4. Convert the given mass of the second reactant (Sr(NO3)2) to moles:
moles = mass / molar mass
moles of Sr(NO3)2 = 55.8 g / 211.63 g/mol = 0.2639 mol
5. Use the stoichiometric ratio to find the moles of the first reactant (K2SO4) required:
According to the stoichiometry, 1 mole of K2SO4 reacts with 1 mole of Sr(NO3)2.
Therefore, moles of K2SO4 = 0.2639 mol
6. Convert moles of K2SO4 to grams:
grams = moles × molar mass
grams of K2SO4 = 0.2639 mol × 174.26 g/mol ≈ 45.97 g (rounded to two decimal places)
Therefore, approximately 45.97 grams of K2SO4 are necessary to completely react with 55.8 grams of Sr(NO3)2 in the given precipitation reaction.

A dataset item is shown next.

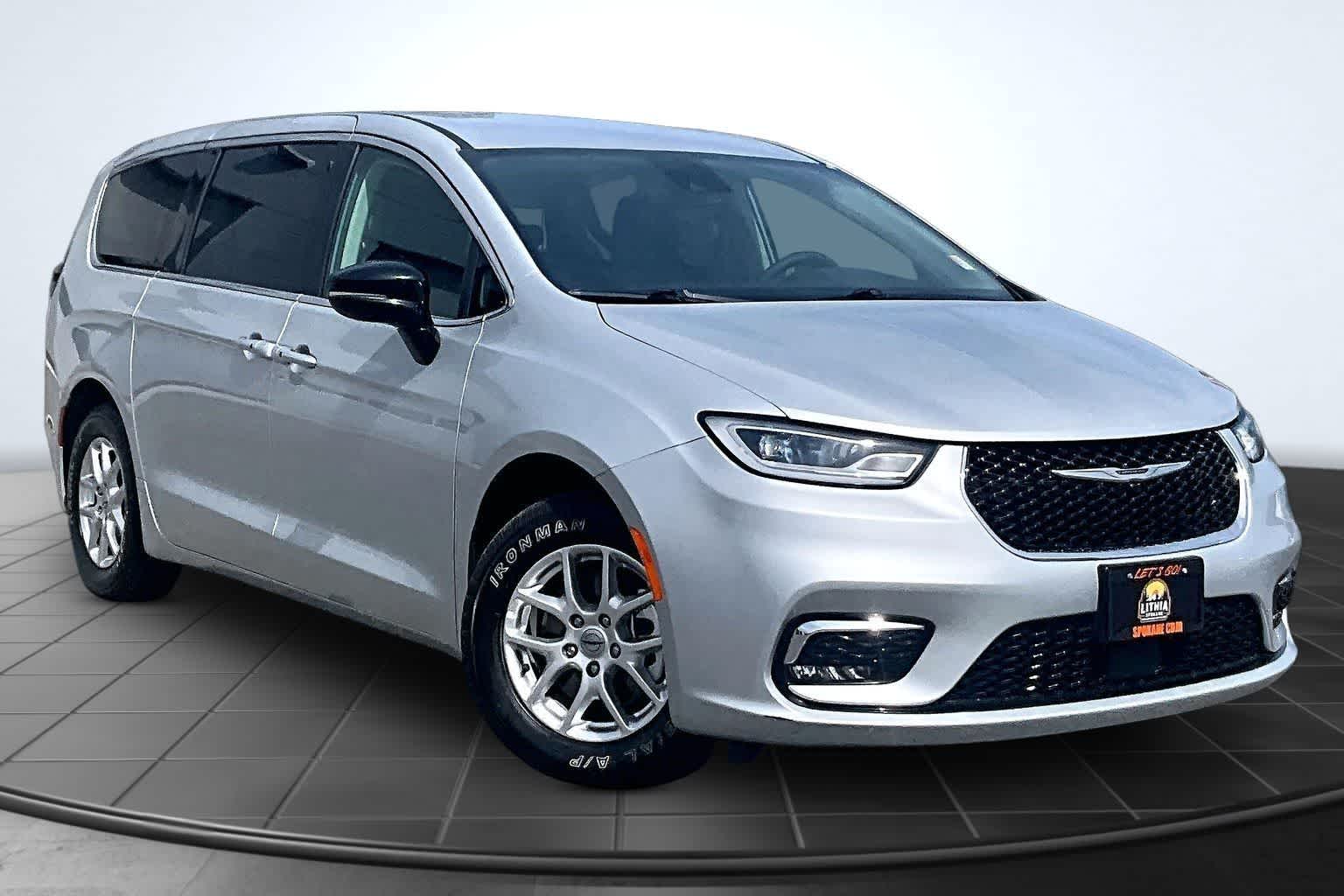 Thumbnail: 2024 Chrysler Pacifica - 22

To determine the grams of the first reactant required to completely react with the given amount of the second reactant, you need to balance the equation and use stoichiometry.

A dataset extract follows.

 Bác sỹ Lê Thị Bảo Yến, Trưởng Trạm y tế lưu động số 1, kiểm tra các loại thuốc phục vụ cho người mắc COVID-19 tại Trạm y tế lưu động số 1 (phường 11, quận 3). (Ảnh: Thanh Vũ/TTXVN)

The balanced equation for the reaction is:
K2SO4 + Sr(NO3)2 -> SrSO4 + 2KNO3
To find the molar mass of each compound, you can refer to the periodic table:
- K2SO4: Molar mass = 2 * atomic mass of potassium (K) + atomic mass of sulfur (S) + 4 * atomic mass of oxygen (O)
- Sr(NO3)2: Molar mass = atomic mass of strontium (Sr) + 2 * (atomic mass of nitrogen (N) + 3 * atomic mass of oxygen (O))

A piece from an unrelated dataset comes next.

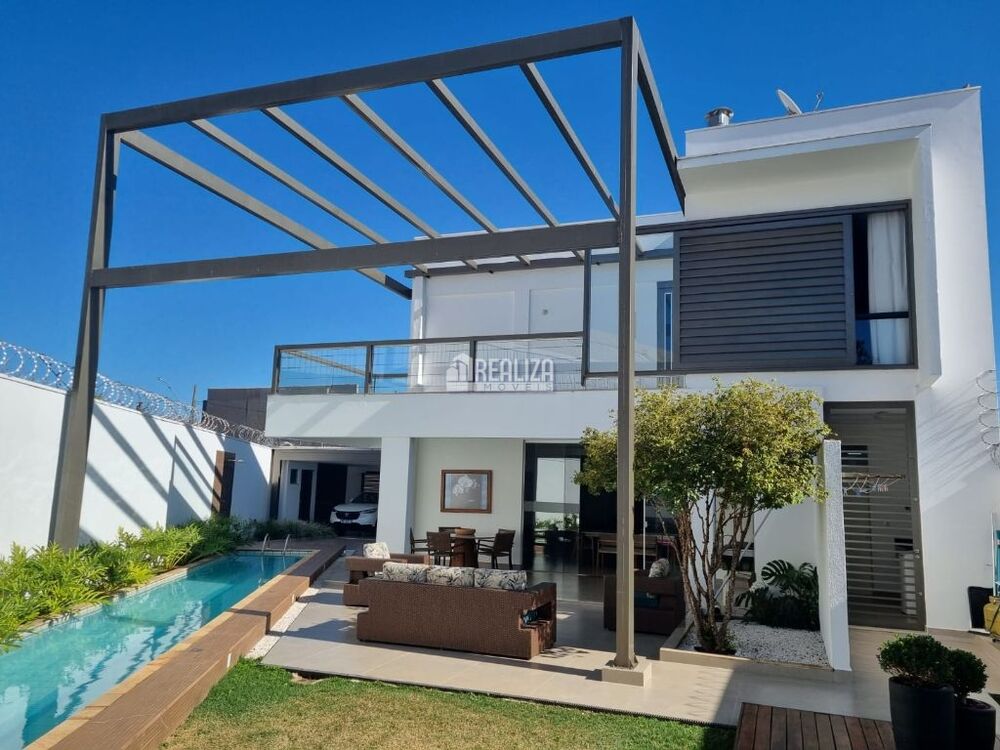 Casa, 3 quartos, 310 m² - Foto 1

- SrSO4: Molar mass = atomic mass of strontium (Sr) + atomic mass of sulfur (S) + 4 * atomic mass of oxygen (O)
- 2KNO3: Molar mass = 2 * (atomic mass of potassium (K) + atomic mass of nitrogen (N) + 3 * atomic mass of oxygen (O))
Once you have obtained the molar masses, you can use stoichiometry to find the grams of the first reactant (K2SO4) needed to react with 55.8 g of the second reactant (Sr(NO3)2).
Here are the steps to calculate it:
1. Calculate the number of moles of the second reactant (Sr(NO3)2) using its molar mass and the given mass:
moles = mass / molar mass
2. Use the balanced equation to determine the stoichiometric ratio between Sr(NO3)2 and K2SO4:
From the equation, you can see that 1 mole of Sr(NO3)2 reacts with 1 mole of K2SO4.
3. Convert moles of Sr(NO3)2 to moles of K2SO4 using the stoichiometric ratio found in step 2.
4. Convert the moles of K2SO4 to grams using its molar mass:
mass = moles * molar mass
Perform these calculations using the given values and the molar masses mentioned earlier, and you will find the grams of K2SO4 required to react with 55.8 g of Sr(NO3)2.